A Passion for Peonies | Living the Country Life

A Passion for Peonies

Peonies are the quintessential cottage garden flower— they have big blooms with big fragrance, and they are beautiful without being boastful.
Rows of shrubby Paeonia ‘Sarah Bernhardt’ in bloom. Peonies make excellent landscape or garden plants.
Ants don't open the buds, they sip the sugary nectar and repel other insects.
Paeonia lactiflora ‘Cherry Hill’, one of the earliest to bloom in mid-May. Introduced in 1905 by Thurlow (United States).
Paeonia lactiflora ‘Duc de Wellington’, a midseason double introduced in 1905 by Calot (United States).
Paeonia lactiflora ‘Red Goddess’ introduced in 1905 by A. M. Brand (United States).

Nothing lends a touch of romance to the garden like herbaceous peonies. In late spring, they are the rock stars of the garden, taking center stage and flaunting their sumptuous flowers. Collecting them—with all the seemingly endless variations of white, pink, peach, and crimson blossoms—can easily get out of hand. The ruffled petal arrangement of the flower is compelling as well, ranging from single to semi-double, double, anemone, and Japanese varieties. Peonies flower abundantly, demand little attention, and make spectacular bouquets. Even after the blossoms are spent, the dark green foliage keeps its sturdy shrub-like presence and looks good all summer.

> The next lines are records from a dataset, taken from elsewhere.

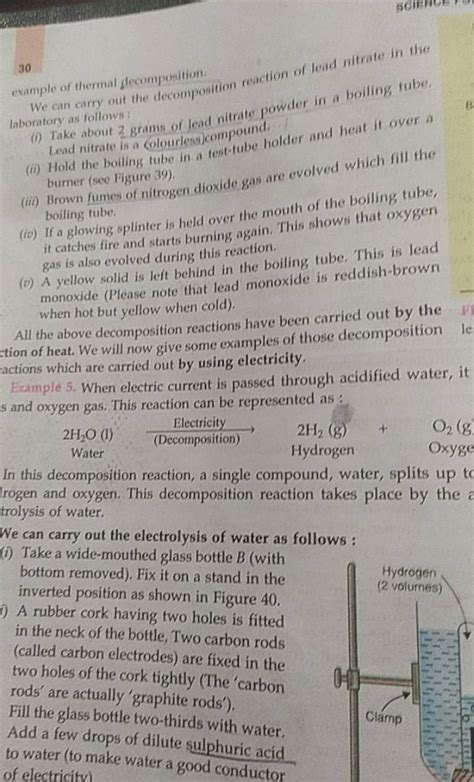 example of thermal decomposition. 30 We can carry out the decomposition f..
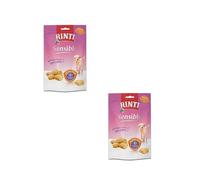 RINTI Sensible Snack Poulet Pur | Pack Double | 2 x 120 g | Complément Alimentaire pour Chiens Adultes | pour Les Allergies/problèmes de tolérance | lyophilisé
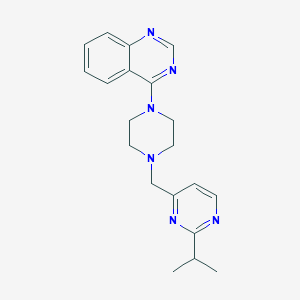 molecular formula C20H24N6 B5316575 4-{4-[(2-isopropyl-4-pyrimidinyl)methyl]-1-piperazinyl}quinazoline 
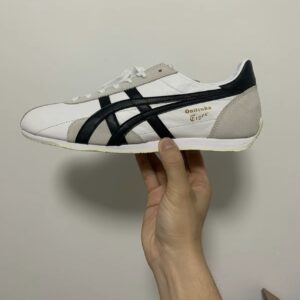 Giay Onitsuka Tiger Runspark 'White Black' D201L-100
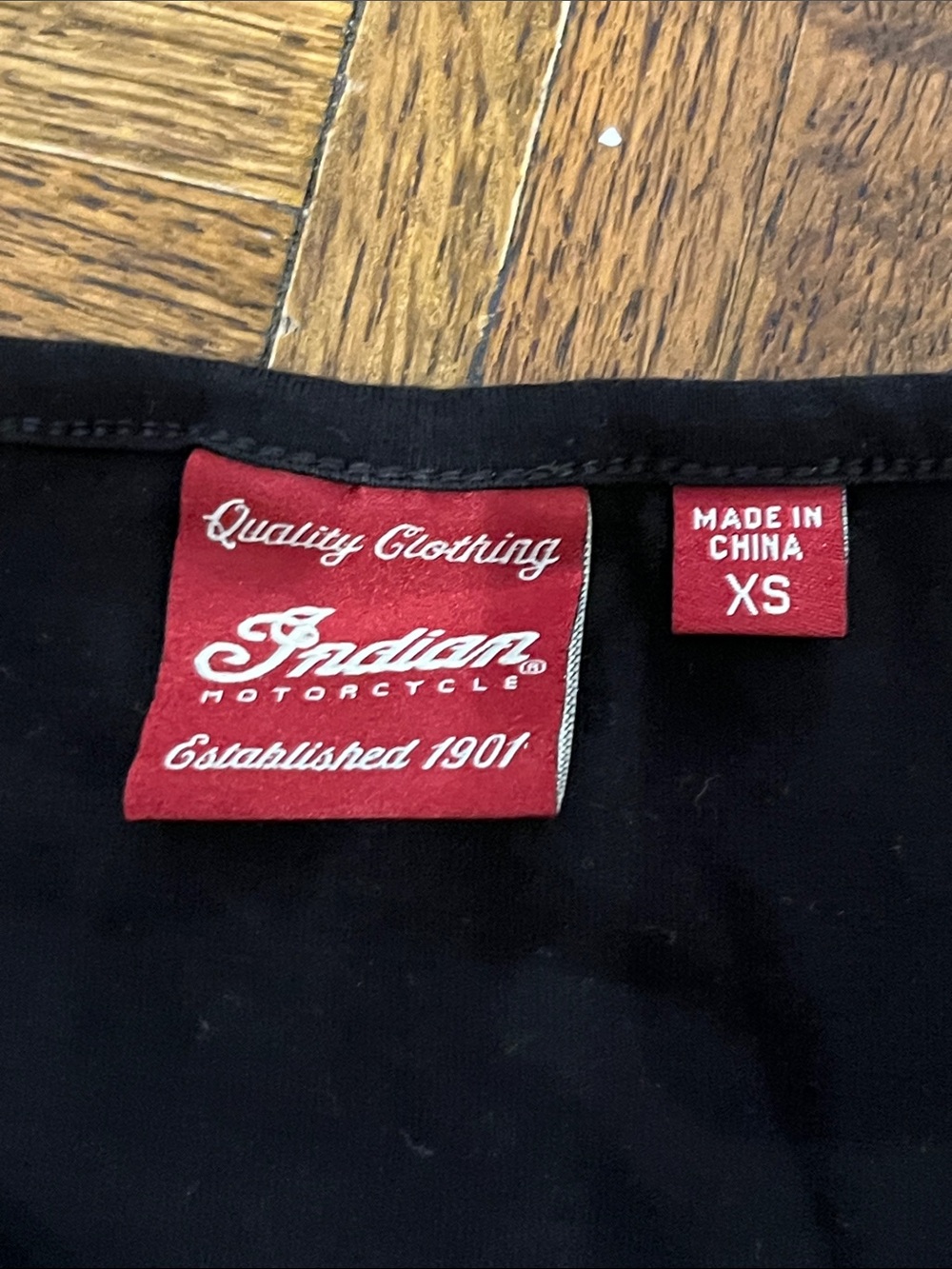 INDIAN MOTORCYCLE Women's Black Logo Tank Top, great cond XS - Picture 7 of 7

From the onset in spring, the peony is quite the overachiever. Peony shoots, like alarming red missiles, rise from the ground with singular determination in April. Within a few weeks, a 3-foot-tall shrub has leafed out and is topped with marble-size buds that swell until they’re bursting at the seams with petals. Then—pop!—the yard is filled with fragrant bloom.

Ants and peonies

According to popular myth, ants open the blooms of peonies. This magical story of a mysterious insect-plant partnership is pure folklore according to Iowa State University entomologist Donald Lewis. “It is true that there is a special relationship between ants and peony buds. However, the relationship is the reverse of what the folktale claims,” Lewis says. “The peonies don’t need the ants, but the ants do take advantage of the peonies.” Peony buds have small nectar-producing glands on the scales that cover the buds. Ants sip the sugary nectar and at the same time repel other bugs from dining on the peony buds.

Plant at a Glance: Peony

Peonies offer gorgeous flowers and wonderful fragrance—and here’s the biggest plus: They are easy to grow. Plant them and forget them—until, of course, they pop into bloom. Then get your clippers ready for bouquets. Although peonies bloom just once, they look nice all season— like small green shrubs.

Where to plant: Peonies do best in full sun. Plant in USDA Zones 2–8.

When to plant: Fall is the best time to plant. You can plant them right up to the time the ground freezes.

How to plant: Soak bare roots in water for about six hours, then plant in a location with well-draining soil (not too wet). The “eyes” should be 2 inches below the soil surface.

Spacing: Allow 3–4 feet between each plant. 

Peony care: Apply fertilizer when spring foliage is about 6 inches tall. They’re heavy feeders, so try a top dressing of compost and fertilizing twice per year for established plants—once while dormant in late fall or winter and again at flowering time. Avoid high nitrogen fertilizers as they encourage lush foliage and discourage flowers. Make sure to keep fertilizers away from peony eyes to avoid damage to next season’s growth. Cut stems back to the ground in autumn after frost.

How to extend the bloom time: There are early- and later-blooming varieties. Plant some of each and enjoy flowers for several weeks.